Дни ожидания для Вольского тянулись медленно, томительно. Он горел нетерпением поскорее добраться до своих, да и судьба кузена его сильно беспокоила. Ведь Ребока и его отряд он оставил в критическом положении.
От цыган он узнал потом, что турки были окончательно разбиты и бежали, но уцелел ли Аркадий, жив ли он или ранен — Вольский не знал и страдал от неизвестности не менее, чем от бездействия.
В Ольтеницу он попасть не рассчитывал, хотя был от нее вблизи: берег Дуная зорко охранялся турками и на переправу рассчитывать было нельзя. Единственно, что для него оставалось — это пробраться к Гирсову, занятому, как он узнал из разговора маркиза де Лароша и его спутницы, Суворовым. Если Суворов там, думал Вольский, значит, там и Аркадий, они неразлучны. Но как мог попасть Суворов в Гирсово? — задавал себе вопрос молодой офицер. От Ольтеницы до Барсова несколько сот верст, там расквартирован барон Вейсман. Но разрешить эту задачу Вольский не мог.
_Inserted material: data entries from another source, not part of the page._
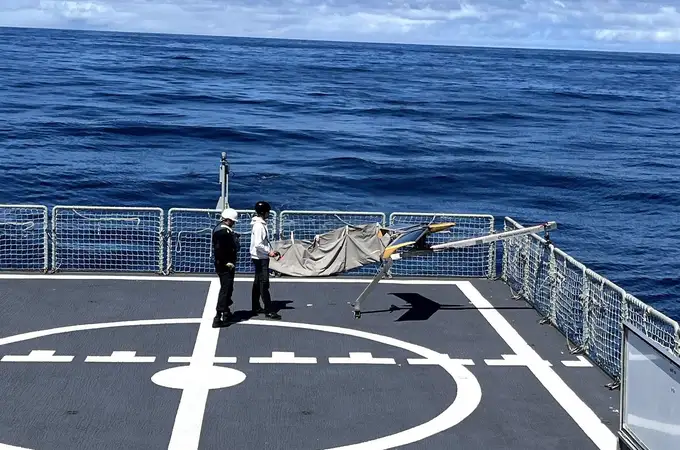 Así es el dron M5D-Airfox que la Armada ha embarcado en el patrullero Arnomendi para labores de vigilancia Así es el dron M5D-Airfox que la Armada ha embarcado en el patrullero Arnomendi para labores de vigilancia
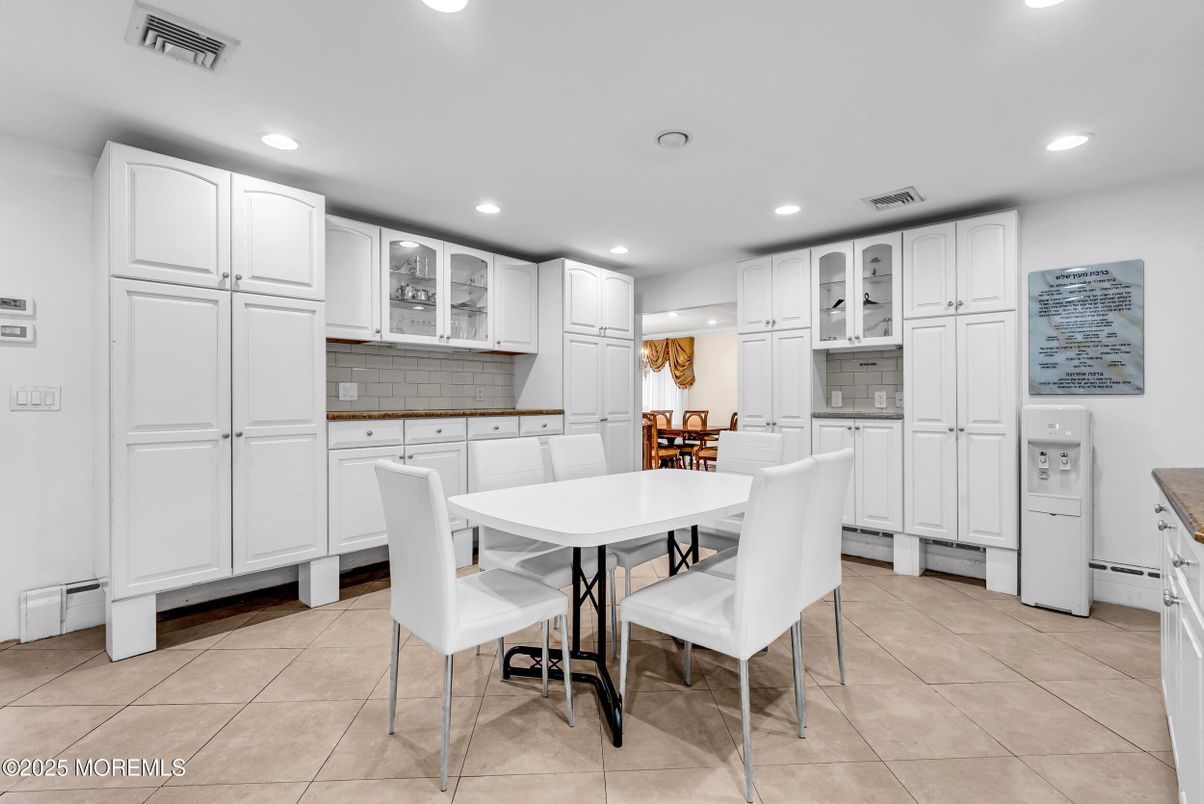 Dining room, Interior, Kitchen, Recessed Lighting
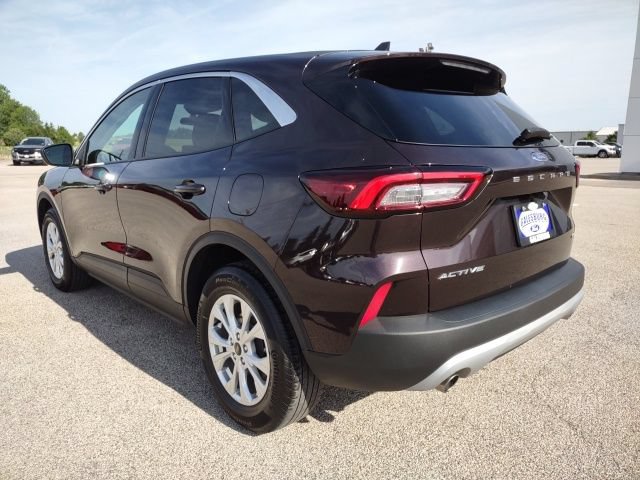 Used 2023 Ford Escape Active AWD/4WD image 3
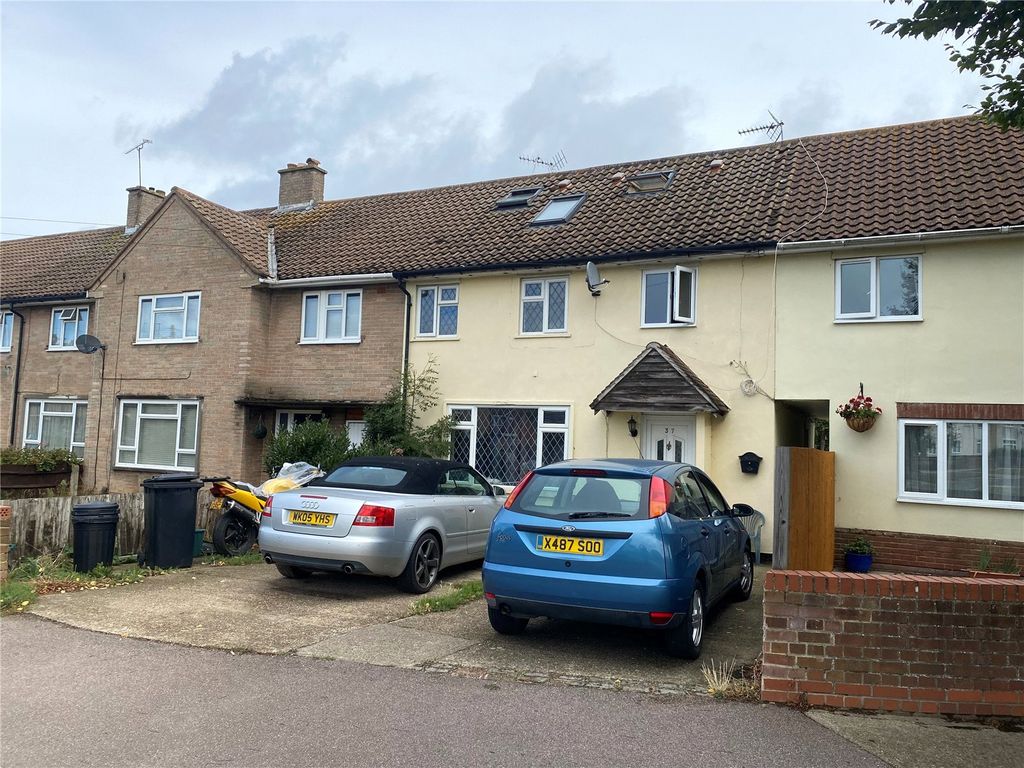 6 bed terraced house for sale in Gloucester Avenue, Colchester CO2 Zoopla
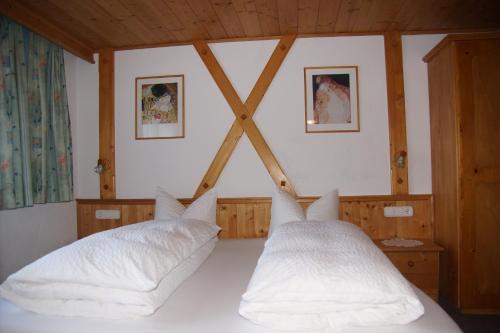 Postel nebo postele na pokoji v ubytování Landhaus Theresia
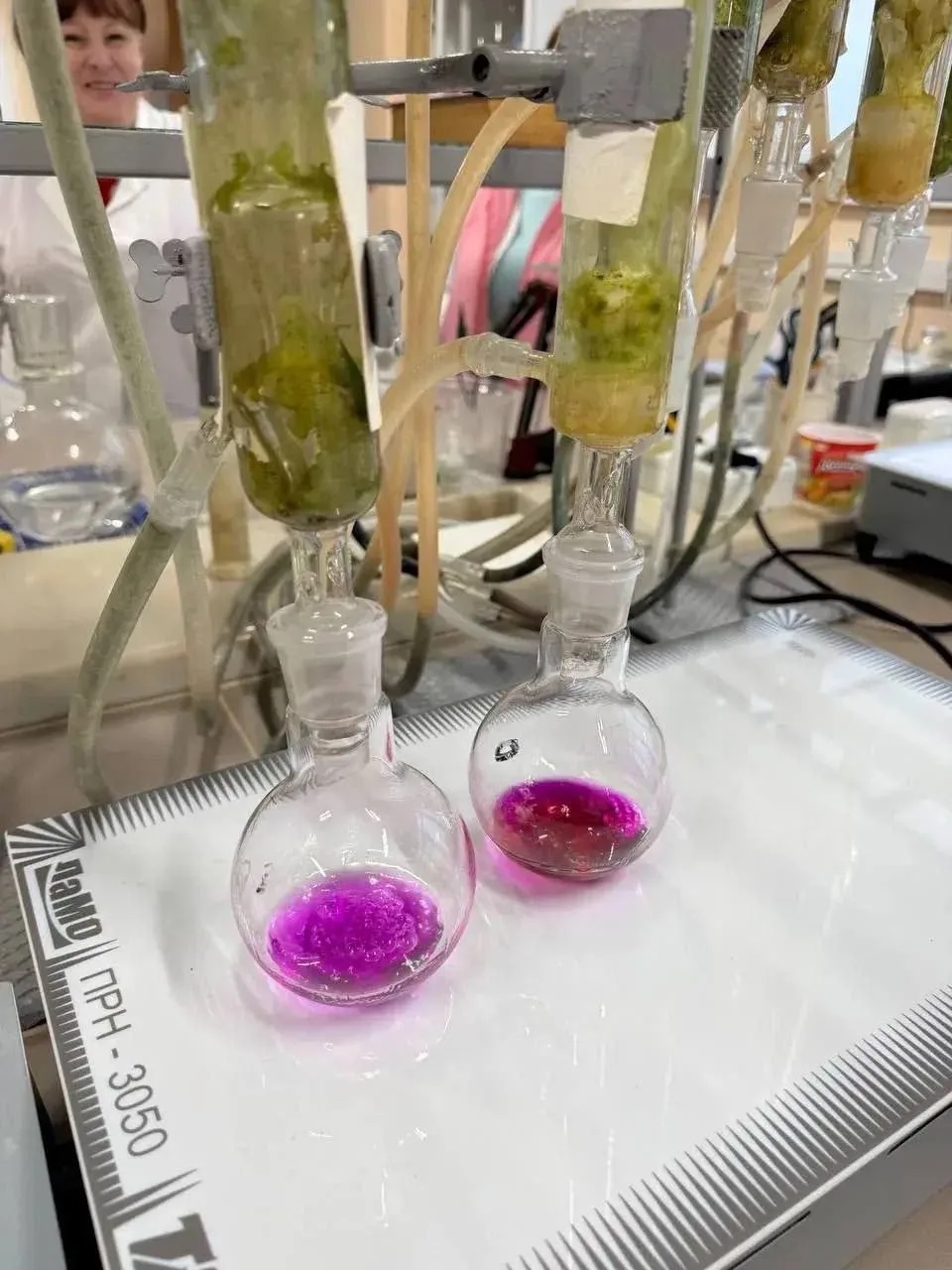 👨‍🔬 Ежегодно в последнее воскресенье мая профессиональный праздник отмечают работники...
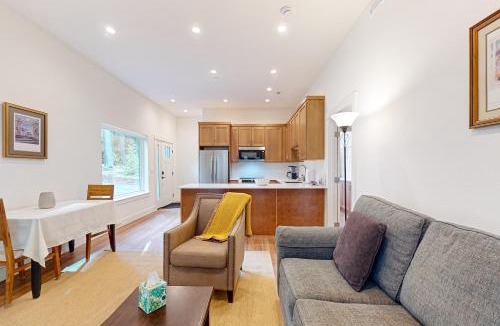 Rollingbay House | Battle Point Paradise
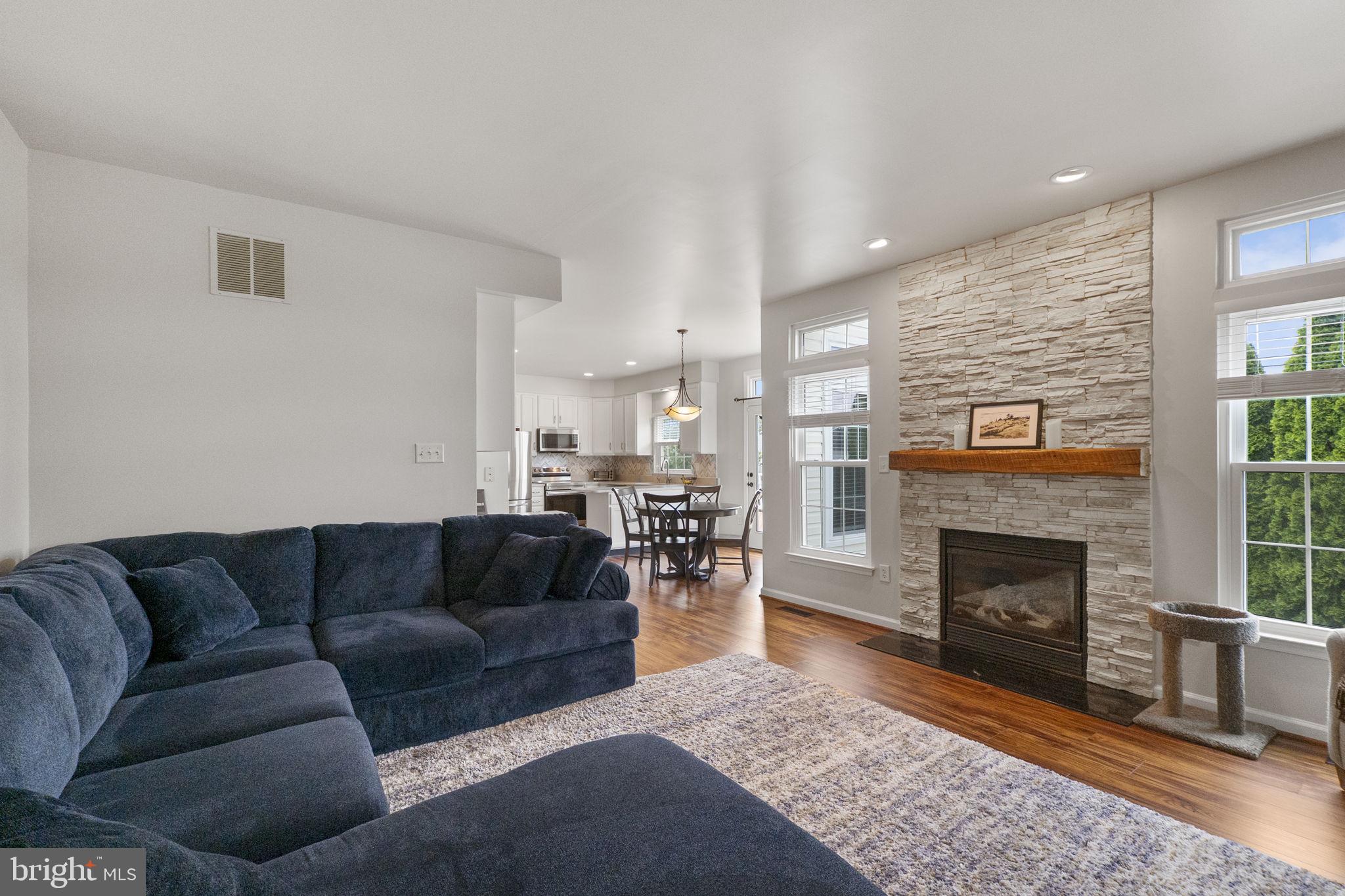 SUN MEADOW - Residential
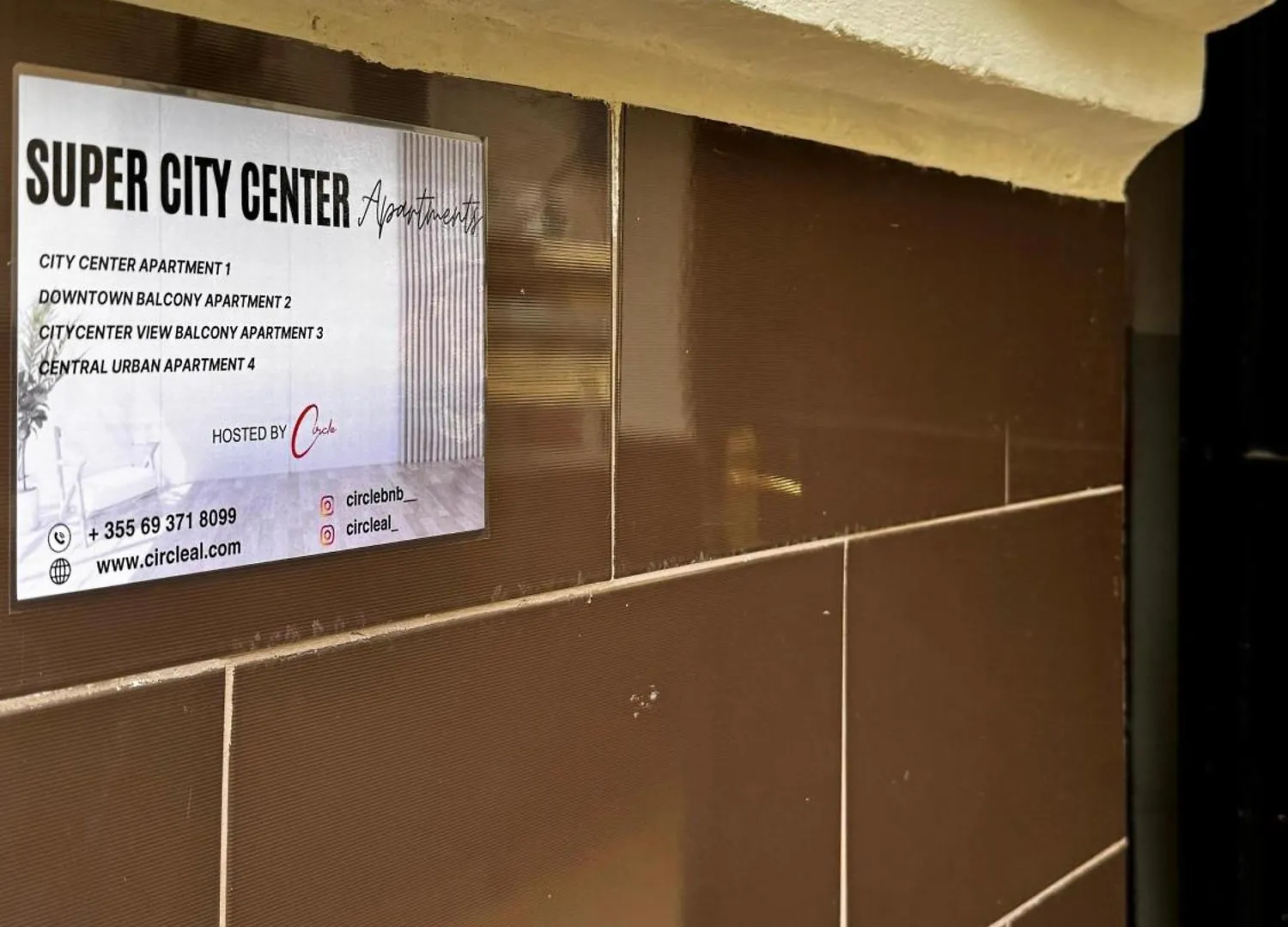 Super City Center Apartments ティラナ
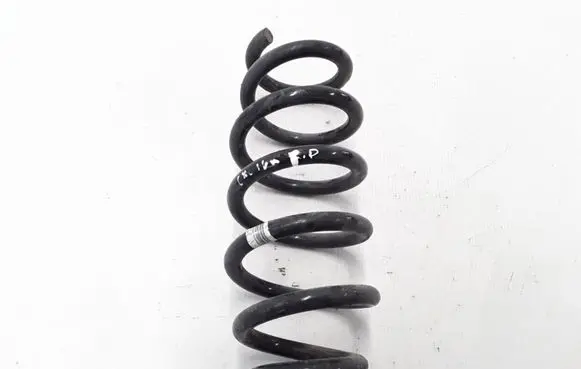 Volvo XC90 Front coil spring 31451302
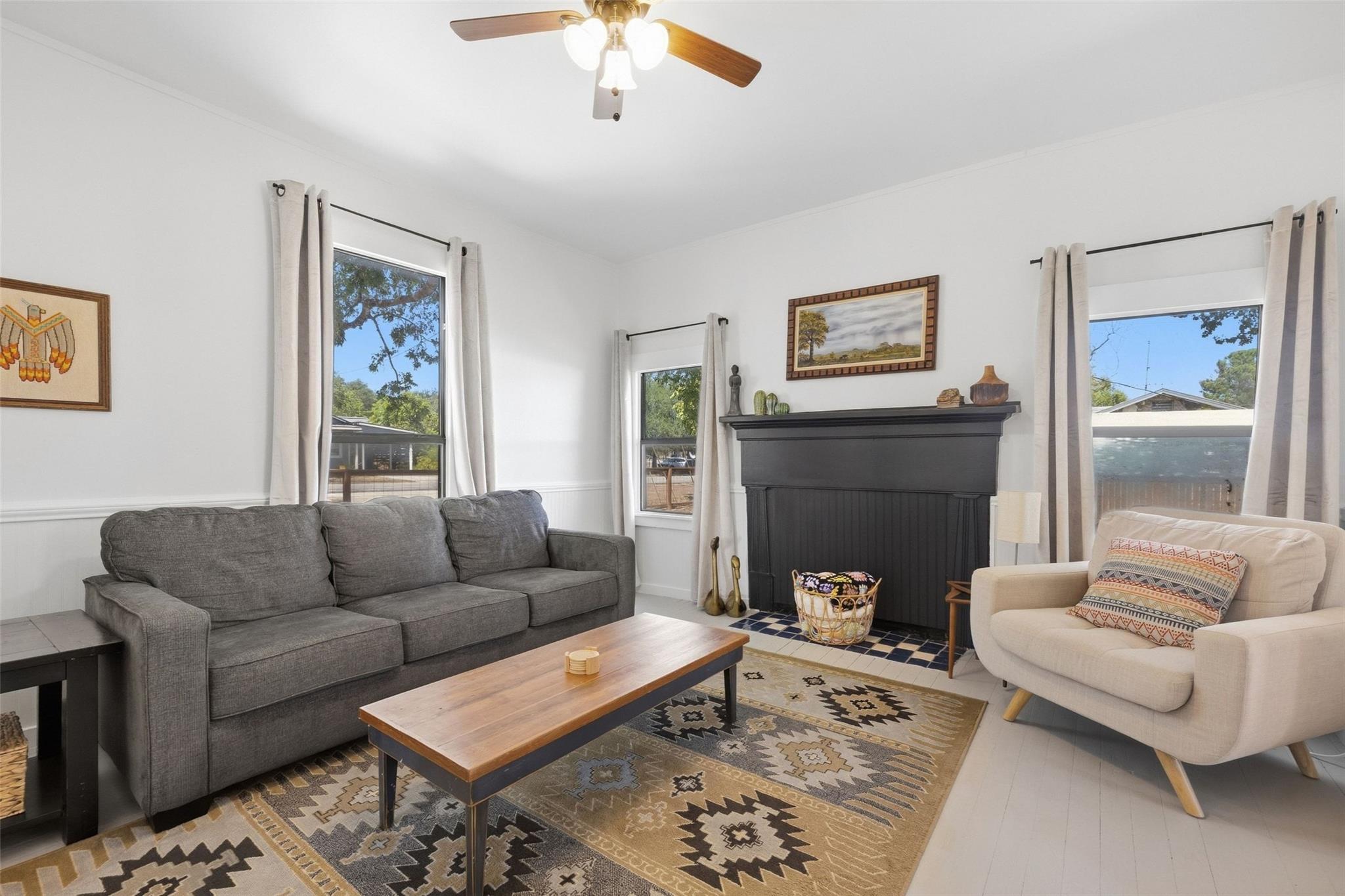 105 Ranchview DR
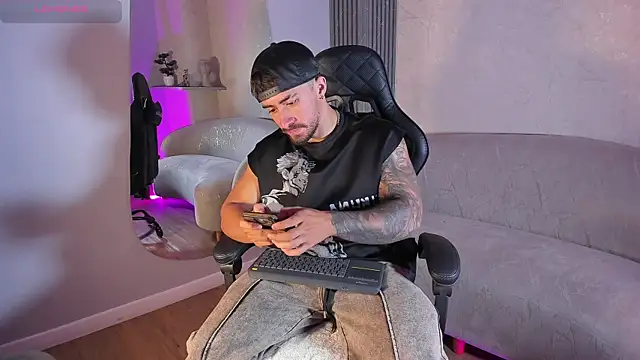 Seks show uživo modela Brad_Summer na kameri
Суворов действительно уехал в Москву, но с первой же станции вернулся назад.
Пока на станции перепрягали лошадей, он задумчиво следил за вознею ямщиков. Дело у них не ладилось: то постромка оборвалась, то хомуты были не в порядке. Нетерпеливого Суворова раздражала такая проволочка. Наконец, после долгой возни лошади были заложены и Суворов двинулся в путь, но ему сегодня не везло: не успел он отъехать и ста сажен, как ось в тарантасе подломилась и генерал, вывалившись из экипажа, попал в канаву.
«Дурная примета, — подумал он, поднимаясь и потирая больную ногу. — Очевидно не судьба мне ехать в Москву… Да, впрочем, какое сватовство во время войны… Хотя отец и требует, чтобы приехал познакомиться с подысканной мне невестой, но он должен рассудить, что не сыновнее неповиновение удерживает меня здесь, а долг солдата».
— Да, долг, — крикнул громко Суворов и вернулся обратно в армию, не заезжая в Бухарест.
Суворов оправдывал свое возвращение в армию долгом, но сам чувствовал в нем натяжку. Еще недавно он решил, что в армии ему теперь делать нечего, а теперь его тянет туда. Образ графини Бодени не выходит у него из памяти, он вспоминал каждое ее слово, каждое движение и горько вздыхал при этом.